* PROMPT:
Nothing is needed except the lines below that run from the one with "Tacho Kombiinstrument Volkswagen" through the one with "Sottosella con logo ricamato Equestro XFise", repeated exactly.

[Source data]
◇ ◇ ◇

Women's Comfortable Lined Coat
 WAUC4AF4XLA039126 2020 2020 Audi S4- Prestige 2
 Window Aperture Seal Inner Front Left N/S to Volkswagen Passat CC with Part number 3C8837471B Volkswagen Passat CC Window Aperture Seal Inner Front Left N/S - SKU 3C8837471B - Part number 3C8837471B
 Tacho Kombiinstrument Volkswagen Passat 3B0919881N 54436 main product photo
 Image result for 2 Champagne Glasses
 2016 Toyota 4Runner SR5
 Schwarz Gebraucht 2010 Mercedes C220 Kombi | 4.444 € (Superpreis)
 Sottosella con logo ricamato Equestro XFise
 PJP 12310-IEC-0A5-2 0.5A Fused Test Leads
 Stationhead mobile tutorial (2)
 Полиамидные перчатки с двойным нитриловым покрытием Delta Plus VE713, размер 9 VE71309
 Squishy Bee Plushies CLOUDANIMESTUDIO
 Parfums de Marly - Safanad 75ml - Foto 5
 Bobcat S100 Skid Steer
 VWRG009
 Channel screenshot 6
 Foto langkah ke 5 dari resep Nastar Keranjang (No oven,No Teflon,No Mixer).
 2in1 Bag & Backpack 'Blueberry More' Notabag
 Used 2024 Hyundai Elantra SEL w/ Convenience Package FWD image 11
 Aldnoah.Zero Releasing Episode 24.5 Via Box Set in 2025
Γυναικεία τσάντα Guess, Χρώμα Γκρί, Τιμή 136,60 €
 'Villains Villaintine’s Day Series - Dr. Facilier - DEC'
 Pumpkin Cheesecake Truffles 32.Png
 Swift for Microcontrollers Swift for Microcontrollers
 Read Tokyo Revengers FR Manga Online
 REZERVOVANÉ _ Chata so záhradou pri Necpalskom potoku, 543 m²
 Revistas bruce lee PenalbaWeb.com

◇ ◇ ◇

* FINISHED TASK:
 Tacho Kombiinstrument Volkswagen Passat 3B0919881N 54436 main product photo
 Image result for 2 Champagne Glasses
 2016 Toyota 4Runner SR5
 Schwarz Gebraucht 2010 Mercedes C220 Kombi | 4.444 € (Superpreis)
 Sottosella con logo ricamato Equestro XFise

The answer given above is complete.